From the entries below, write out exactly the lines between the line holding "Renault Arkana E-Tech" and the line holding "Los padres y", inclusive, excluding any pictures.

=== Provided records ===

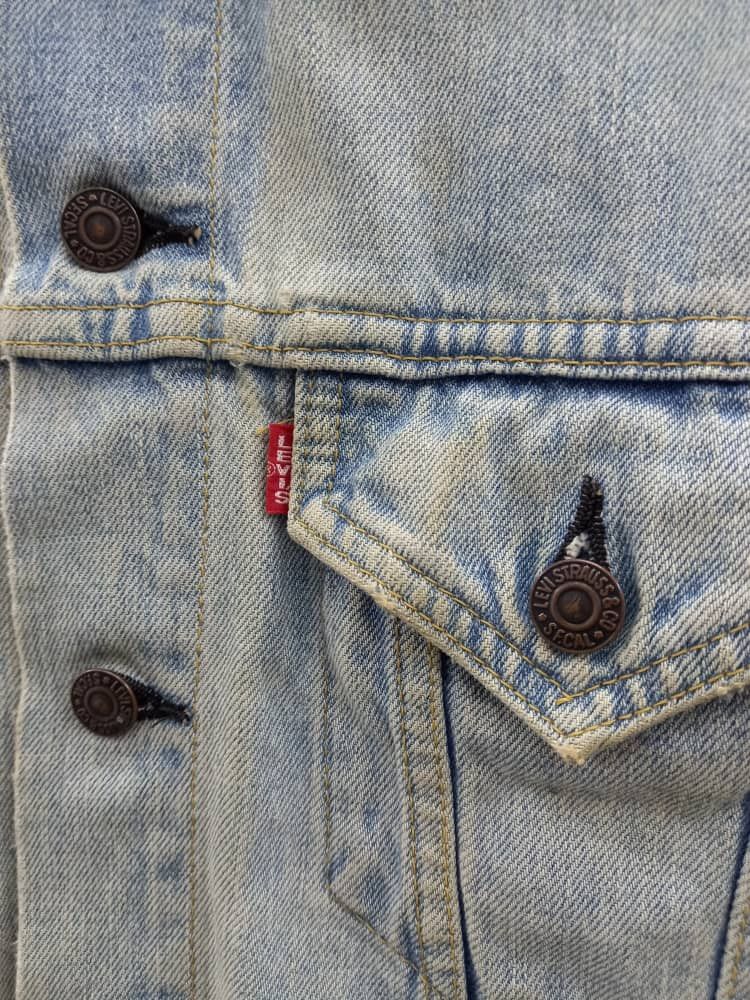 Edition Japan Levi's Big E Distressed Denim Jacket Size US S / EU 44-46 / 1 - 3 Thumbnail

===
=== Provided records ===

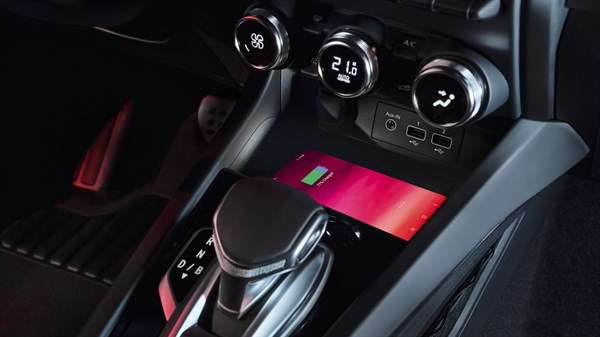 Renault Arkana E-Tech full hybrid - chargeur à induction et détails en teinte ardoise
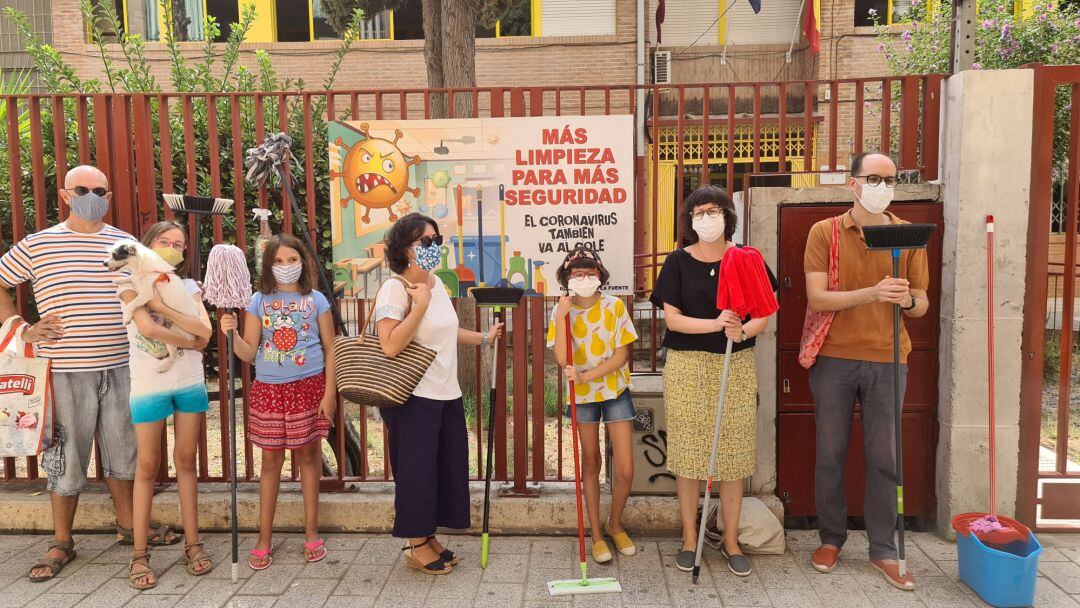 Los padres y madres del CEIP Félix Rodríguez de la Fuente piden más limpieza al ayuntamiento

===

● **Response area**
 Renault Arkana E-Tech full hybrid - chargeur à induction et détails en teinte ardoise
 Los padres y madres del CEIP Félix Rodríguez de la Fuente piden más limpieza al ayuntamiento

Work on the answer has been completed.